On the east side of Steven’s Pass, before you get to the more popular hiking destinations around Leavenworth, you pass an area of the Alpine Lakes Wilderness called Nason Ridge. The prime attraction of Nason Ridge is Merritt Lake. In the summer it’s a short, buggy, overcrowded day hike but in the winter, as long as you can drive to the trailhead, it’s a halfway enjoyable snowshoe outing. Above Merritt Lake to the west is am aptly named substantial lump of rock called Mount Mastiff and there is a semi-popular traverse that links it together with the nearby Mount Howard and Rock Mountain. The best way to do this trip involves a car shuttle between to trailhead so, being alone, I opted to cut Rock Mountain out of the mix and return from Howard to the Merritt Lake trailhead. I am aware of exactly how pedestrian all of this sounds; oh look at me I planned a hike! But in order to understand what went wrong you have to understand my intended route.

Nason ridge

Red is intended route, blue is actual route as it differs.


The essence of what followed was that I never found the Nason Ridge trail. The snow was classic mid-spring, forest floor hard pack and if there were any bootprints I didn’t see them (more on that later). So down Crescent Creek I went, becoming increasingly concerned that I had yet to see any indication of a trail. In the muddy hollows the mosquitos were already vicious. At some point my pocket zipper opened of its own accord and my map was lost. I had about two lines of a random U2 song running on repeat in my head: “You say love is a temple, love the higher law, you ask me to enter but then you make me crawl…” I like that song and still I wanted to rip Bono’s goddamn head off.

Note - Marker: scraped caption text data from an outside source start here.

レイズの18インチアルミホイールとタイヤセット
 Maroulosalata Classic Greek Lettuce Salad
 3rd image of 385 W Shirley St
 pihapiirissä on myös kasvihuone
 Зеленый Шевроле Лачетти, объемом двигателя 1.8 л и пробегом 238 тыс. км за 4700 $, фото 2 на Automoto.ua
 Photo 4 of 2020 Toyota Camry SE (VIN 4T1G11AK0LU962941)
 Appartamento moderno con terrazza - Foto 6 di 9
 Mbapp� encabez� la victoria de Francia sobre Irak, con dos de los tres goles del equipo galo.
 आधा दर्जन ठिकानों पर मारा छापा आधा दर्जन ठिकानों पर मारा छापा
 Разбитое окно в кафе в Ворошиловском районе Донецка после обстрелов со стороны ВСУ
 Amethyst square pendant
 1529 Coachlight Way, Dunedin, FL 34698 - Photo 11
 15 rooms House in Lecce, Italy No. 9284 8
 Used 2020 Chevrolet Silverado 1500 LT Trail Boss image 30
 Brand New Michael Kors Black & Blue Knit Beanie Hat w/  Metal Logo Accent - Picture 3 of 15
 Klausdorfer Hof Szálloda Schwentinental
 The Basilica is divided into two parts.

Sometime before I lost the map I had actually realized my mistake and had begun to traverse, hoping to intersect the Merritt Lake trail somewhere below where I had originally intended to. At one point I passed though a heavily forested, and therefore snowy, section and although I didn’t see my bootprints from the way up I could not be sure I had not passed them by mistake. Sometime later I reached an old logging slash; none of the terrain east looked familiar but several thousand feet below me Hwy 2 wound along next to Nason Creek. I wasn’t sure where I was in relation to any trail, without a map my chance of going back and finding the Nason Ridge trail was miniscule, and I sure as hell wasn’t going to retrace my steps back up to Mount Howard. After about ten minutes of pondering my options my decision was simple: Fuck it, the road’s right there, downhill all the way.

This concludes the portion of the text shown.